Short web captions:
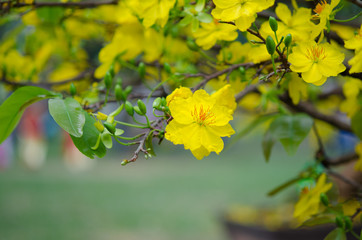 Macro a ochna integerrima integerrima branch, the flowers of tra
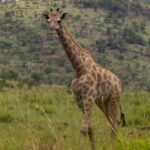 Een Kaapse giraffe loopt van voren gezien door hoog groen gras, met lichtbruine vlekken met grillige randen en een beboste kraterheuvel erachter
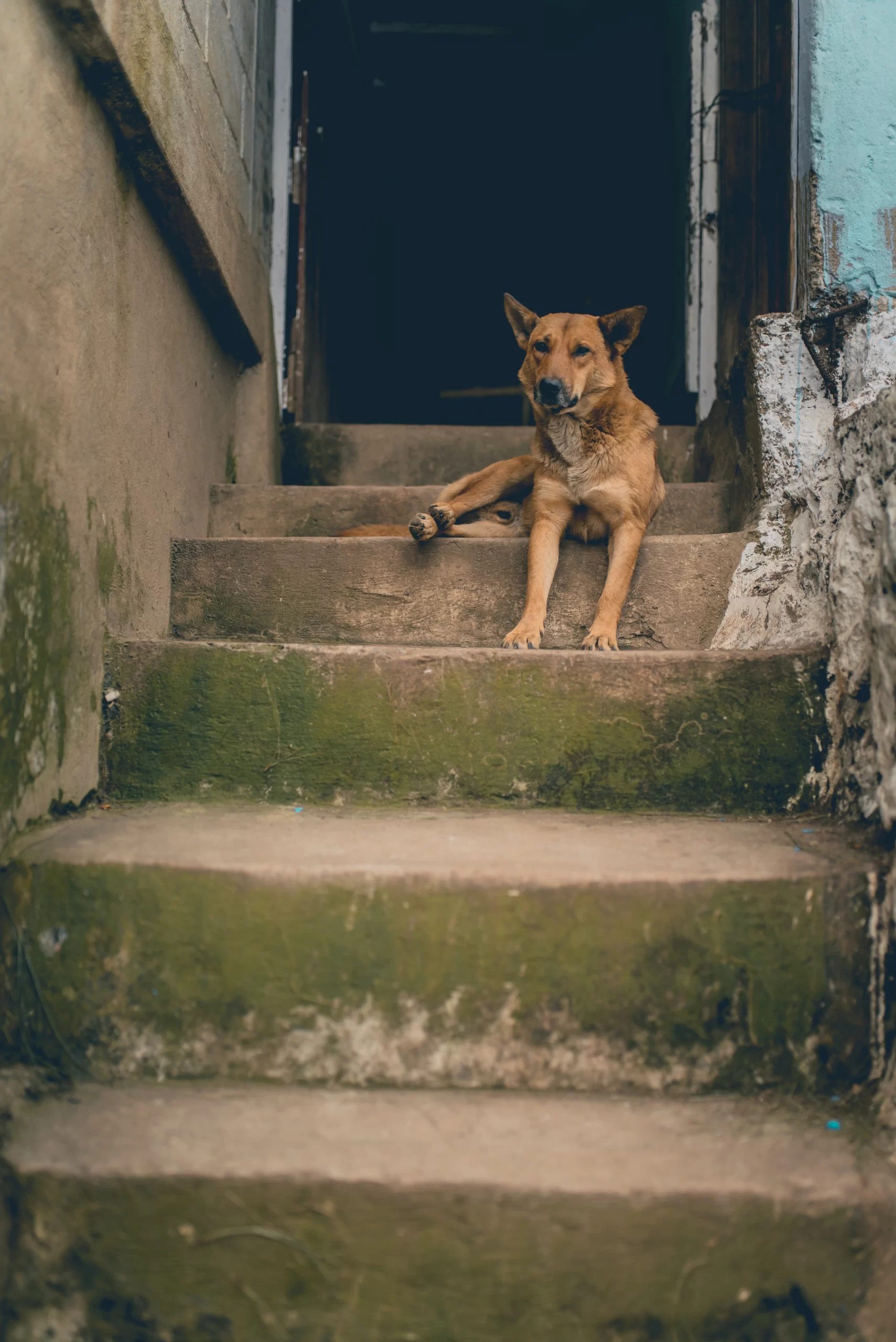 toby-wong-Dog sitting on top stair of dusty dirty stairs leading up to home door on Unsplash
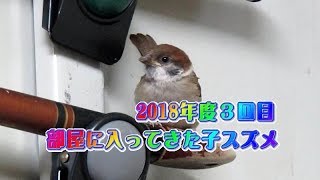 部屋に入ってきた子チュンのビックリ行動！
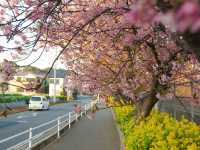 Chasing Sakura at Miurakaigan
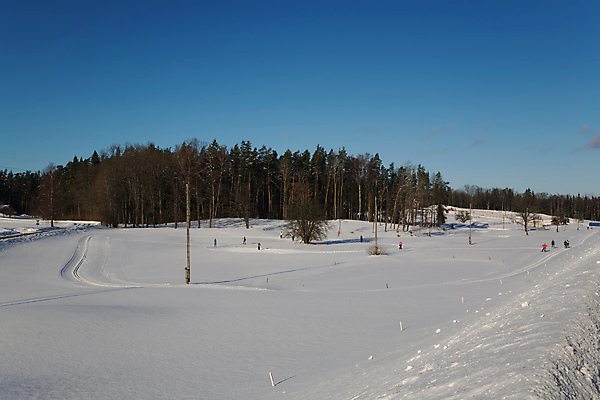 포토 JPG 해외이미지 유럽 스포츠 포즈 겨울 스키 사람 사람없음 운동 흰색 속도 스키선수 해외포토 계절 나라 컬러 겨울스포츠 운동선수 건강 파일형식 이미지허브
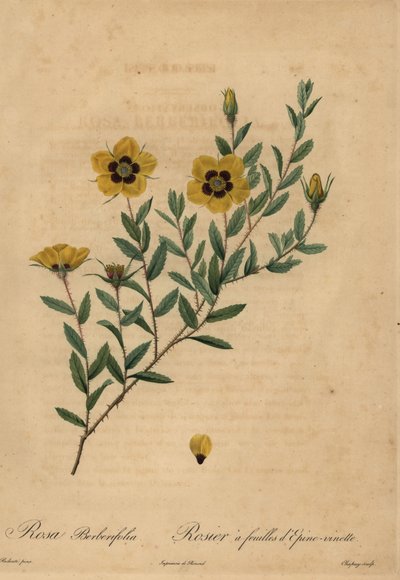Gelbe Rose, Rosa berberifolia. von Jean Baptiste Chapuy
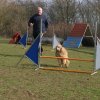 agilty 2013-03-03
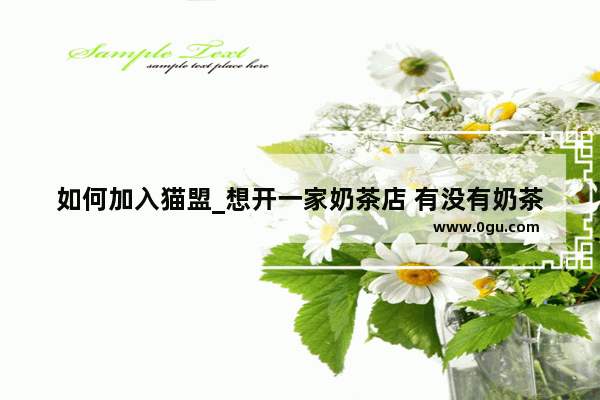 如何加入猫盟_想开一家奶茶店 有没有奶茶好喝、加盟费低的牌子啊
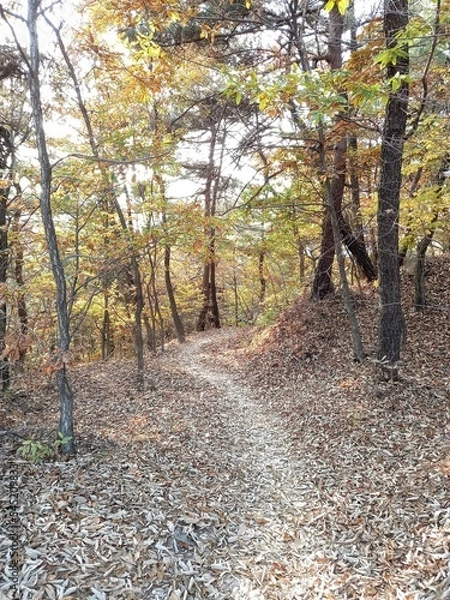 Fototapeta 신비로운 오솔길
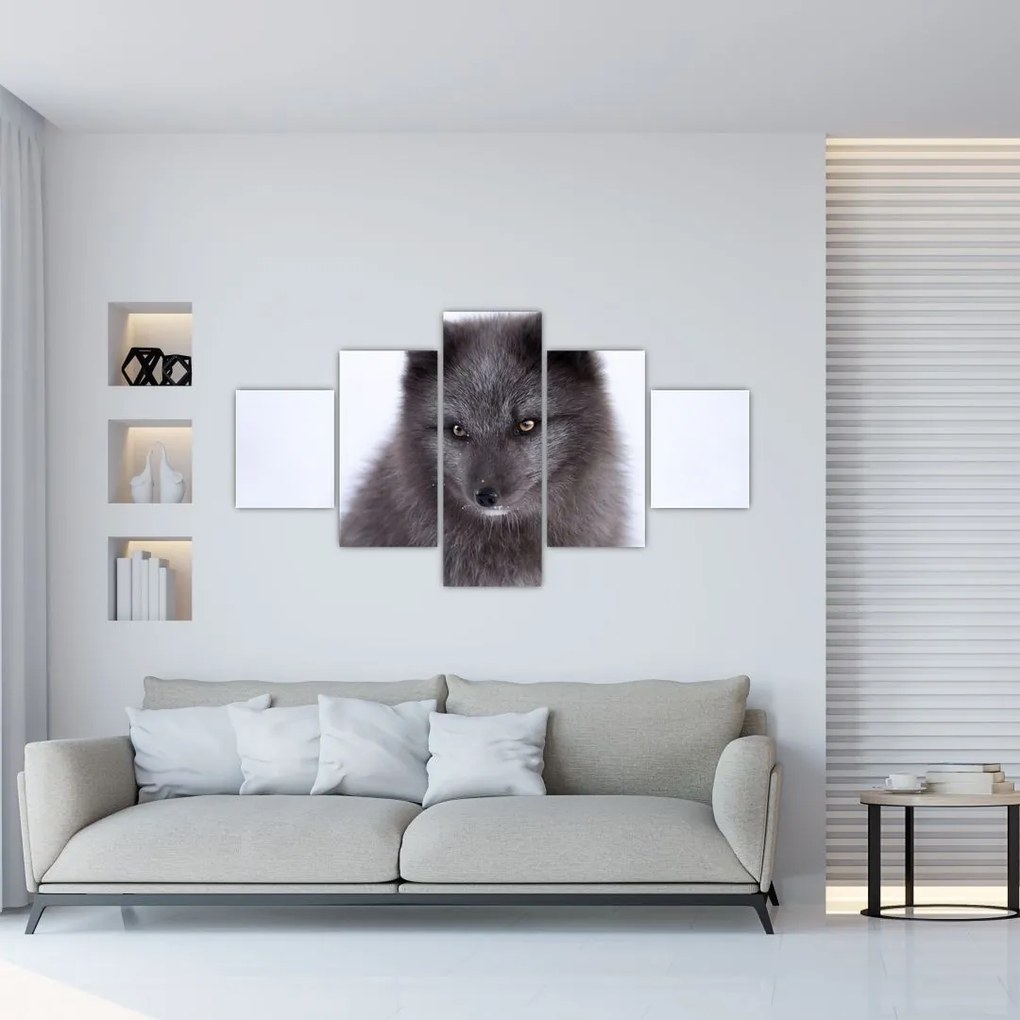Obraz lisa śnieżnego (125x70 cm)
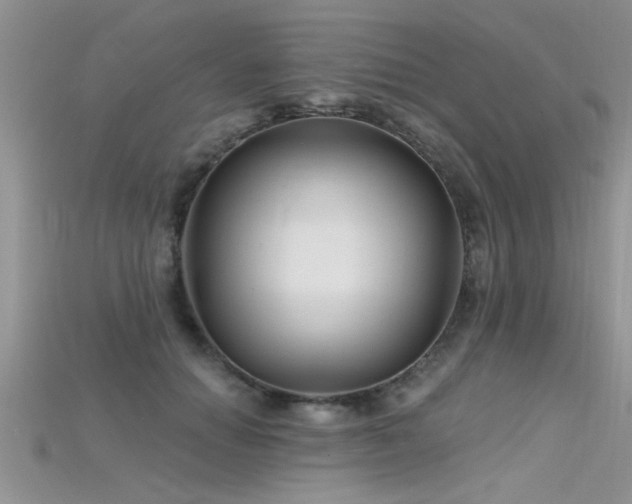 X0000115690654200911121308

● TASK OBJECTIVE
With pictures left out, repeat exactly the lines from the line bearing "toby-wong-Dog sitting on" through the final line of the records above.

● WORKED SOLUTION
 toby-wong-Dog sitting on top stair of dusty dirty stairs leading up to home door on Unsplash
 部屋に入ってきた子チュンのビックリ行動！
 Chasing Sakura at Miurakaigan
 포토 JPG 해외이미지 유럽 스포츠 포즈 겨울 스키 사람 사람없음 운동 흰색 속도 스키선수 해외포토 계절 나라 컬러 겨울스포츠 운동선수 건강 파일형식 이미지허브
Gelbe Rose, Rosa berberifolia. von Jean Baptiste Chapuy
 agilty 2013-03-03
 如何加入猫盟_想开一家奶茶店 有没有奶茶好喝、加盟费低的牌子啊
 Fototapeta 신비로운 오솔길
Obraz lisa śnieżnego (125x70 cm)
 X0000115690654200911121308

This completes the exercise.